— To do —
Would you output the listing exactly, with every image omitted?

BEGIN Source material

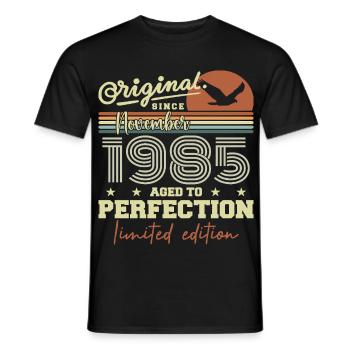 Novembre 1985 Anniversaire 1985 november 1985  - T-shirt homme - noir - Devant - AI Model Male 178 light (178cm)
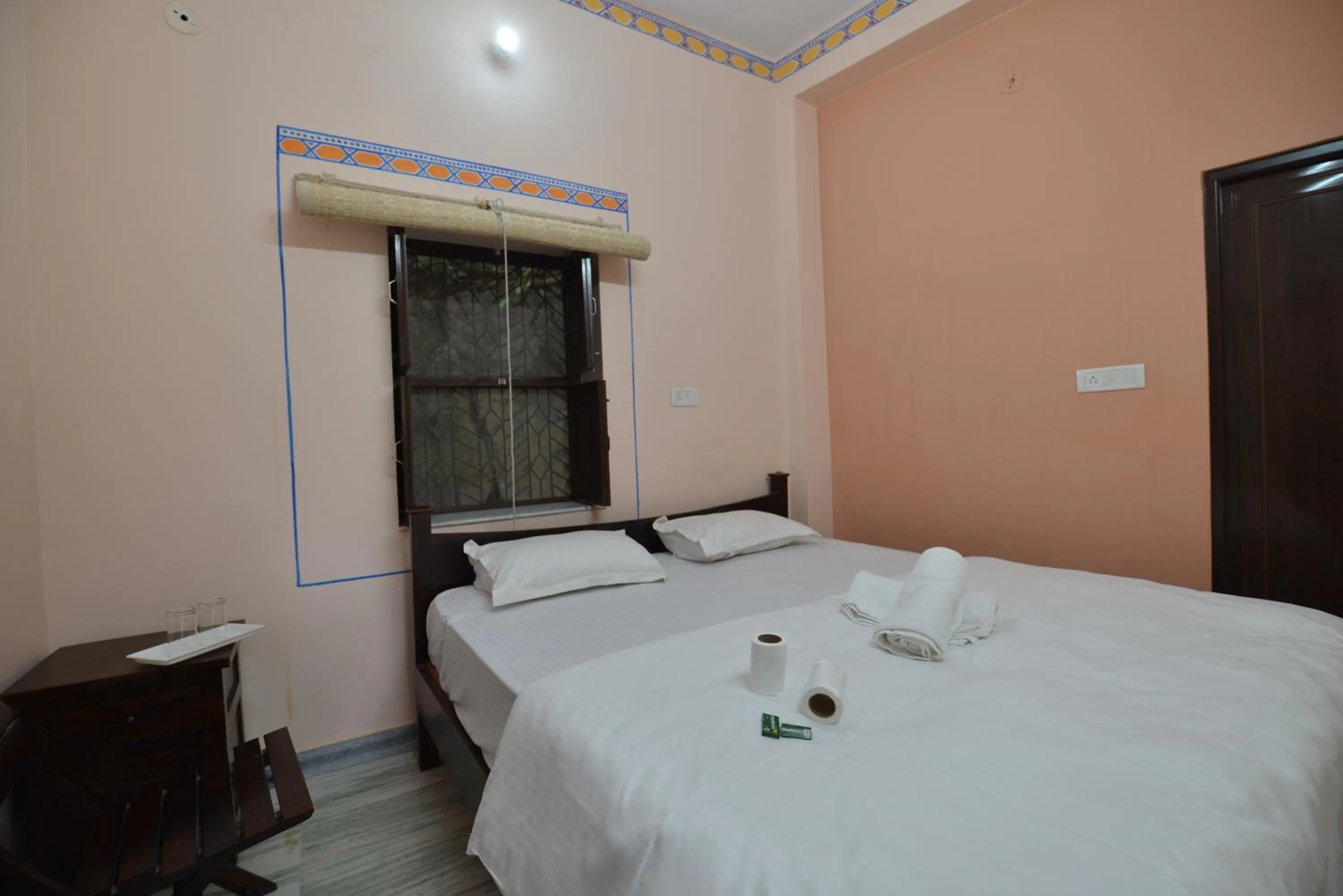 Bed in Hotel Bawarri Haveli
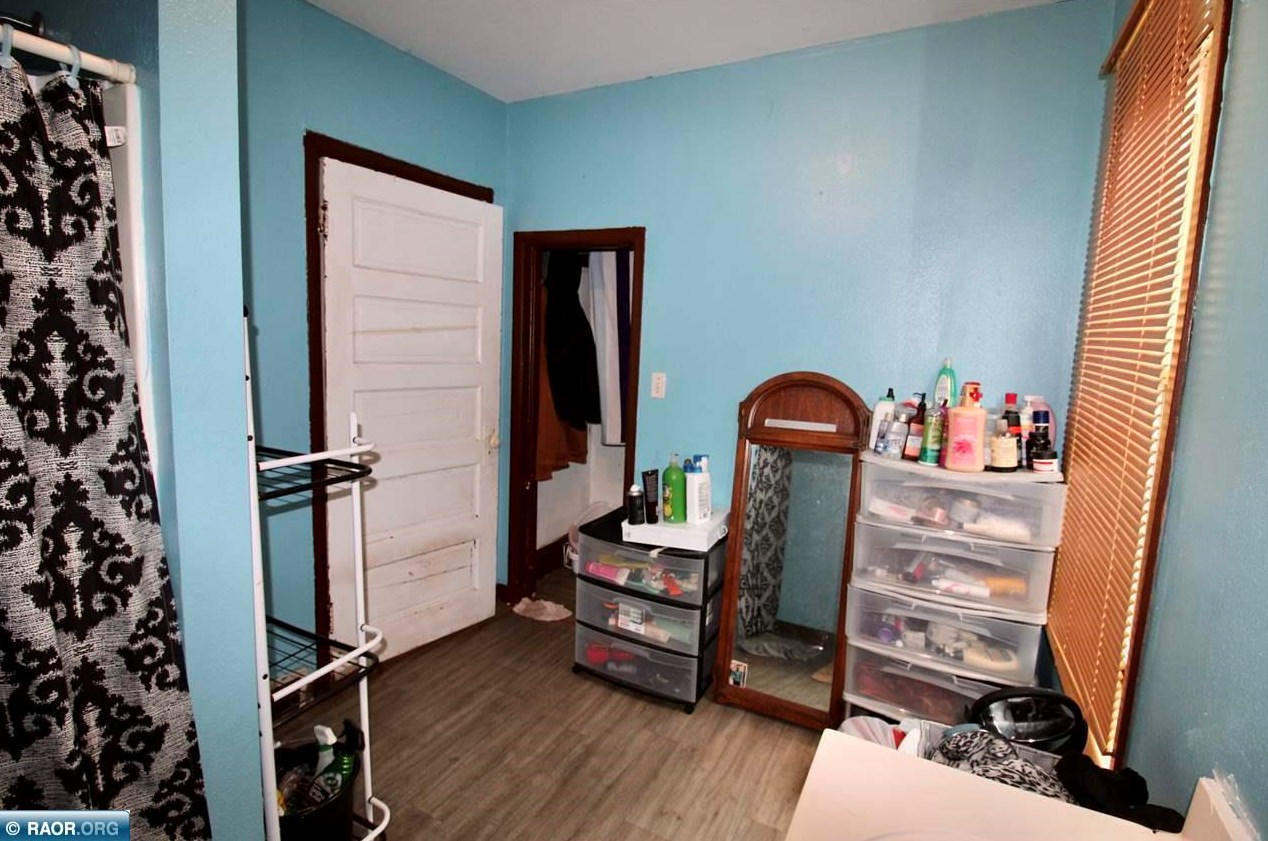 12358 Morton Ave, Hibbing MN  55746-8318 exterior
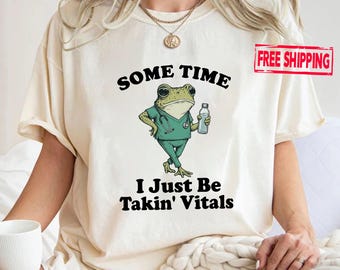 Funny ER Nurse Shirt, Frog Nursing T-Shirt, Emergency Room Nurse Tee, Medical Humor Graphic Shirt, RN Gift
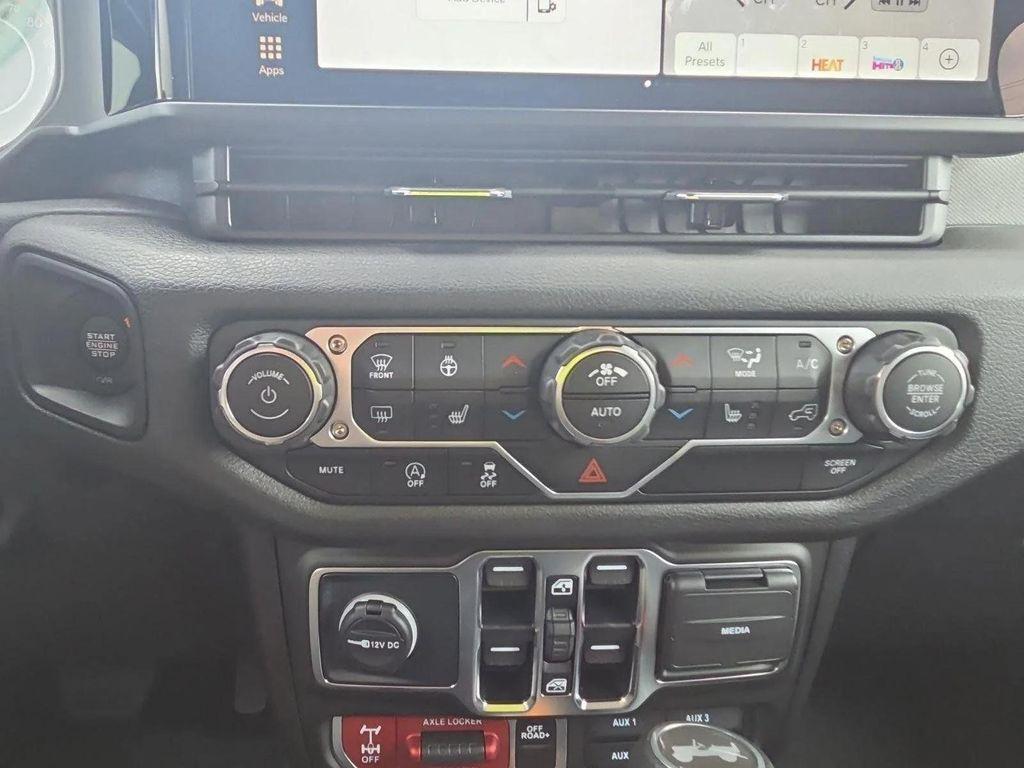 new 2025 Jeep Wrangler car, priced at $44,280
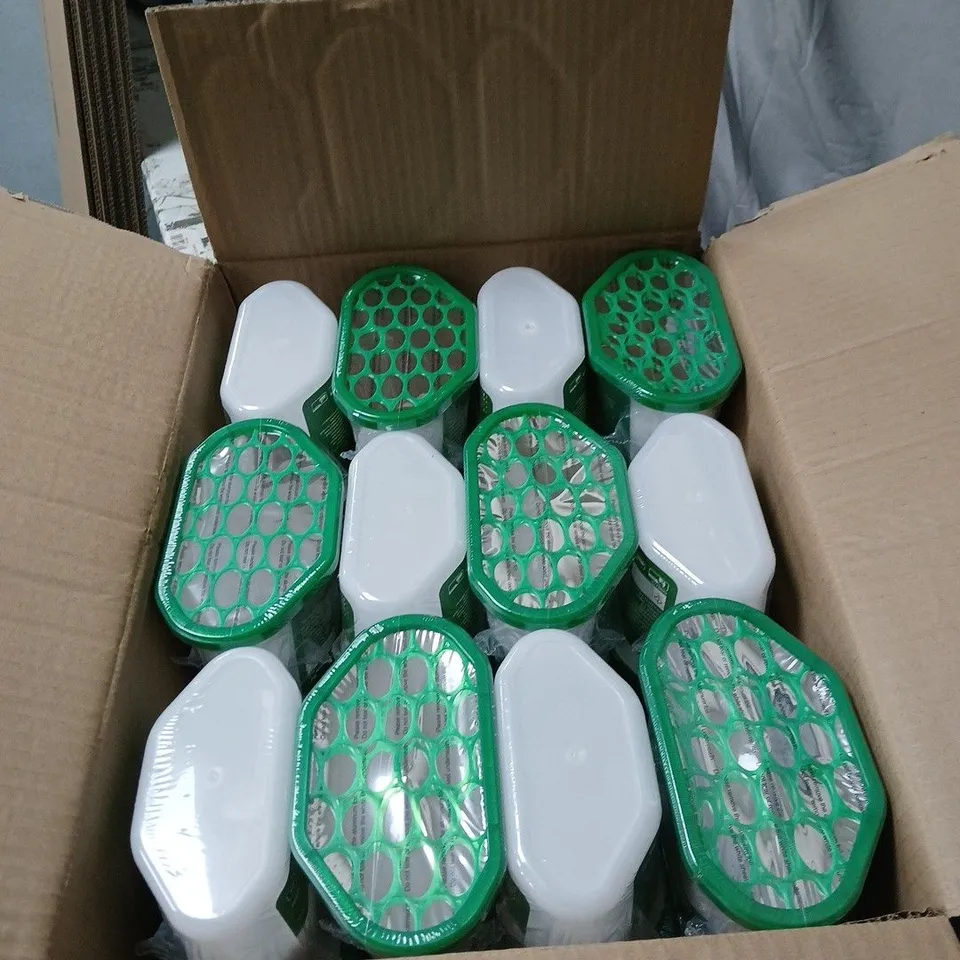 APPROXIMATELY 23 X DIVCHI UNSCENTED DEHUMIDIFIER BOXED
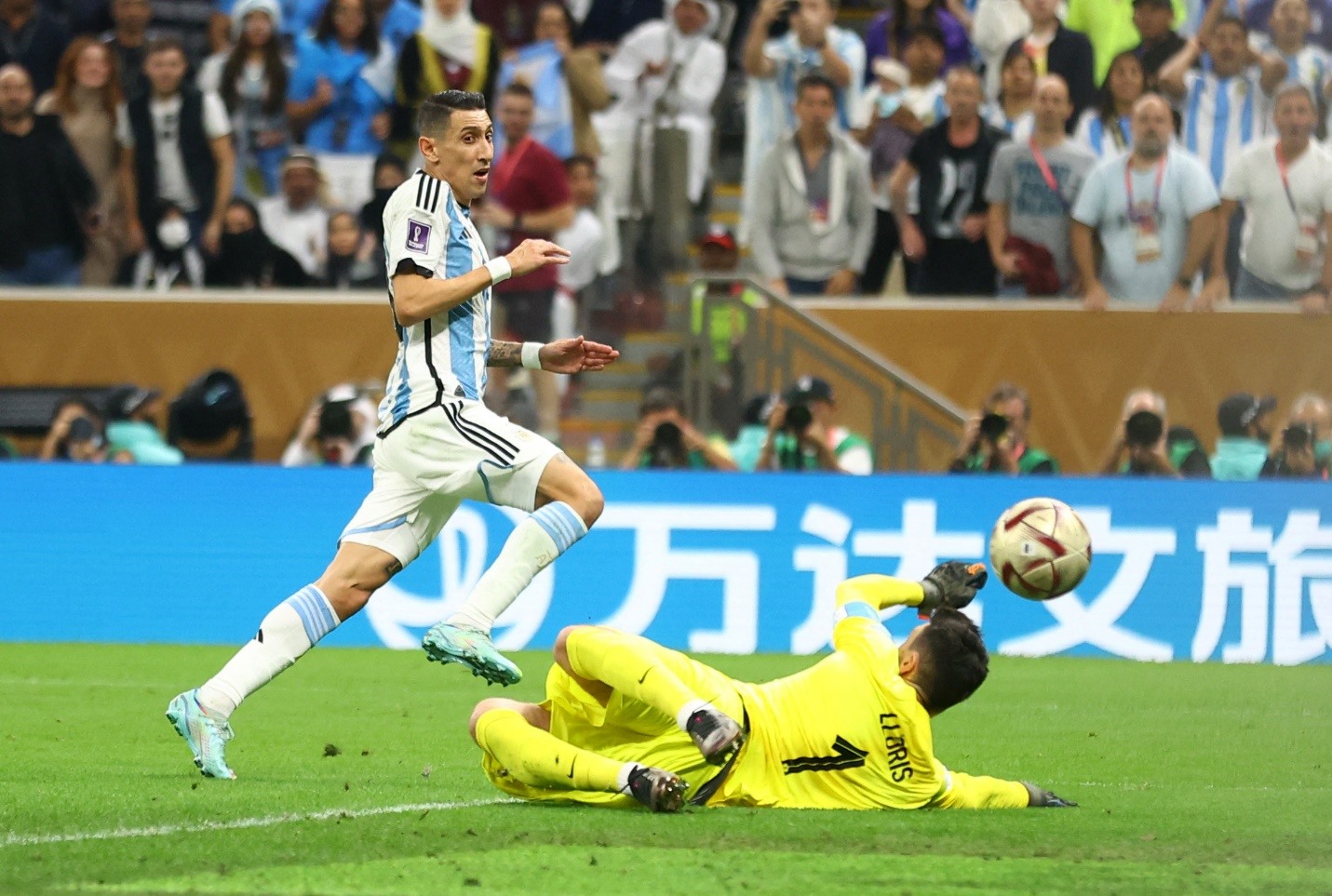 Di Maria ghi 1 bàn thắng, cùng đội tuyển Argentina vô địch thế giới như điều anh tin tưởng. Ảnh: AFP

END Source material

— Response —
 Novembre 1985 Anniversaire 1985 november 1985  - T-shirt homme - noir - Devant - AI Model Male 178 light (178cm)
 Bed in Hotel Bawarri Haveli
 12358 Morton Ave, Hibbing MN  55746-8318 exterior
 Funny ER Nurse Shirt, Frog Nursing T-Shirt, Emergency Room Nurse Tee, Medical Humor Graphic Shirt, RN Gift
 new 2025 Jeep Wrangler car, priced at $44,280
 APPROXIMATELY 23 X DIVCHI UNSCENTED DEHUMIDIFIER BOXED
 Di Maria ghi 1 bàn thắng, cùng đội tuyển Argentina vô địch thế giới như điều anh tin tưởng. Ảnh: AFP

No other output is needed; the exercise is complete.